Üblich kann werden, dass die Erwartung von Enttäuschungen gemeinhin erwartet und gerade so Enttäuschung reduziert wird. Es sind dies wohl nötig gewordene Formen der Reduktion von Komplexität. Um passionierte, romantische Liebe zu erlauben, war Individualität in der Vormoderne zu unterkomplex, in der Moderne hingegen scheint sie zu komplex ausdifferenziert zu sein.
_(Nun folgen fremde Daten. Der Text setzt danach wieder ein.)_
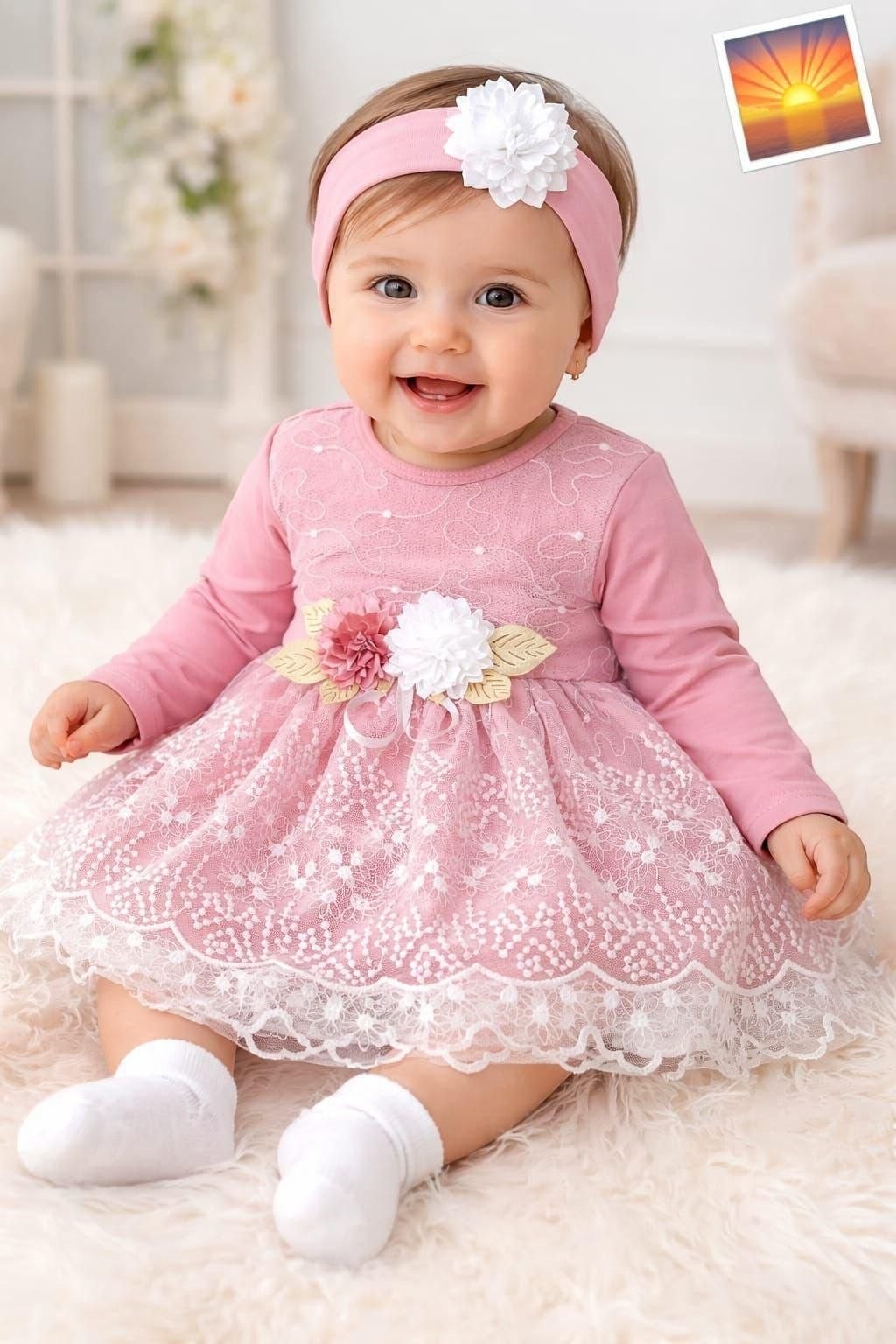 The Nile Luxuries baby girl pink lace dress with floral waist appliqué and matching headband. Long sleeves, scalloped hem.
Es könnte sein, dass Liebe sich, kompatibler dann mit den ausdifferenzierten Bekanntschaftsmedien, mit der vergleichsweise anspruchslosen (naturgemäß kurzepisodigen) Beobachtung der Neuheit von Personen begnügt, also dass vorrangig sexuell geprägte Verliebtheiten üblich werden (im Sinne etwa der etablierten Urlaubsflirts). Auf die extrem anspruchsvolle Beobachtung umfassender Individualität, die prätentiöse Wahrnehmung individueller Weltsicht, könnte verzichtet werden. - Aber lässt sich dann überhaupt noch von Liebe sprechen?

In der Praxis von Paarbeziehungen, die sich zumeist ohnehin kaum von den Zumutungen der Idealbilder romantischer, passionierter Liebe irritieren lassen, kann sowieso von Pragmatik ausgegangen werden. Sie kennzeichnet langjährige Beziehungen, bewährt und eingeschliffen in Routinen und Gewohnheiten, Beziehungen, die sich an finanziellen Notwendigkeiten orientieren oder den Zwängen und Pflichten der Betreuung und Erziehung des Nachwuchses, Beziehungen "offener" Art, die nach Maßgabe der Nebenexistenz von Geliebten Bestand haben, Beziehungen, die lediglich der Institution der Ehe ihren Bestand schulden, Beziehungen im Sinne von episodenartigen, eher sexuell motivierten Liebeständeleien, Beziehungen, die sich in der schlichten Abwesenheit von Alternativen bewähren, Beziehungen, die aufgrund der (etwa berufsbedingten) Abwesenheit der Partner "harmonieren" und so erst im Rentenalter problematisch werden, etc. - Alternative bleibt natürlich ein Single-Dasein.